My family recently returned to Texas where I grew up in a border town after 16 years in the Atlanta area. We still monitor Georgia politics, especially immigration issues [6]. I am a proud Latina donor and board member of The Dustin Inman Society; we follow our friend D.A. King’s efforts to help people understand the truth on immigration and the law.

I was stunned and outraged when I read the AJC piece on King and the Immigration Board that curiously featured the SPLC and remarks from Jerry Gonzalez of GALEO. Gonzalez is widely known for opposition to any immigration enforcement efforts – state or federal.

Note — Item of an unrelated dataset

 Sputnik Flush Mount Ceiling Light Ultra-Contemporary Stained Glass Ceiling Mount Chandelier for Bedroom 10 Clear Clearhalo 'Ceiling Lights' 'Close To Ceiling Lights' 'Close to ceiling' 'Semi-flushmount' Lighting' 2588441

The Anti Defamation League has criticized SPLC for faking a “hate-group” crisis. [7]

Georgia corporations, including the AJC’s parent company, Cox Enterprises, largely fund GALEO. It is insulting that this wasn’t noted in the AJC piece about D.A. King and The Dustin Inman Society’s citizen donors.

Maria Silvia Montoya

Sherman, TX 75092

Dear editor,

As a Black American conservative and proud member of the Board of Advisors of the Dustin Inman Society, I was saddened to see the AJC report on the Immigration Enforcement Review Board that seemed to stray into smear politics.

I have been a friend of D.A. King for more than a decade and have worked alongside him as a volunteer at the Gold Dome to educate legislators on our illegal immigration crisis. I have also watched the SPLC smear conservative political opponents as “hate groups” in an effort to discredit our work. Referring to D.A. King as anything but an honest, hard working patriot who believes in immigration sanity is shameful.

I have had first hand experience with the SPLC when, along with many Black, Asian and Hispanic Americans, I attended an informative 2015 immigration seminar in Washington, DC that the SPLC later falsely described as a “white nationalist” meeting. [8]

The AJC has damaged its reputation by using the race-baiting and discredited SPLC as an authority on immigration and integrity.

Inger Eberhart

To the editor:

Your article entitled “Georgia’s immigration enforcement panel draws scrutiny” came across as over the top biased against the Dustin Inman Society and its founder D.A. King. The credibility really went down the tubes when you used The Southern Poverty Law Center (SPLC) as a supposed reliable source. By their definition I would be considered a hate group because of a Christian organization I belong to that believes in traditional values. You can do better than this.

Leslie McPherson
Villa Rica, GA

Dear editor,

Re; the AJC on D.A. King: The Dustin Inman Society is named after a 16 year-old Woodstock boy [9] who was killed by an illegal alien who escaped capture and is now hiding out in Mexico. D.A. King has been fighting illegal immigration since he quit his own business in 2003. In your report we find out the SPLC wants to label The Dustin Inman Society a “hate group.”

King should be thanked for the complaints against the officials in Georgia who are evidently violating state laws.

The SPLC is a fake civil rights group that has a poor record. In 1994 Alabama, the Montgomery Advertiser newspaper reported [10] African-Americans had never “held top management positions in the center’s [then] 23-year history, and some former employees say blacks are treated like second-class citizens.”

That the AJC reporter used the discredited SPLC to attack King and the Dustin Inman Society says a lot about the AJC reporter.

Bill Buckler



The article this week about the Dustin Inman Society and complaints about violations of state laws on illegal immigration filed by D.A. King seemed to us like the AJC had other things on their mind.

Inserting the SPLC [11] into the news article was rather obvious.

My wife is an immigrant, which means she is here lawfully. We resent the AJC headlines that read “immigrant” [12] when the topic of the story is clearly illegal aliens [13] who are usually portrayed as victims. We want our borders secured and our laws enforced. Even for immigrants. The SPLC attacks virtually everyone who thinks like this. Your reporter also told us that Jerry Gonzalez doesn’t like King or the immigration enforcement board, but we saw no reference to where Gonzalez gets the money to operate GALEO while he protests against immigration enforcement.

We need more D.A. Kings and far fewer people like Gonzalez and the SPLC staff. And we need fair reporting.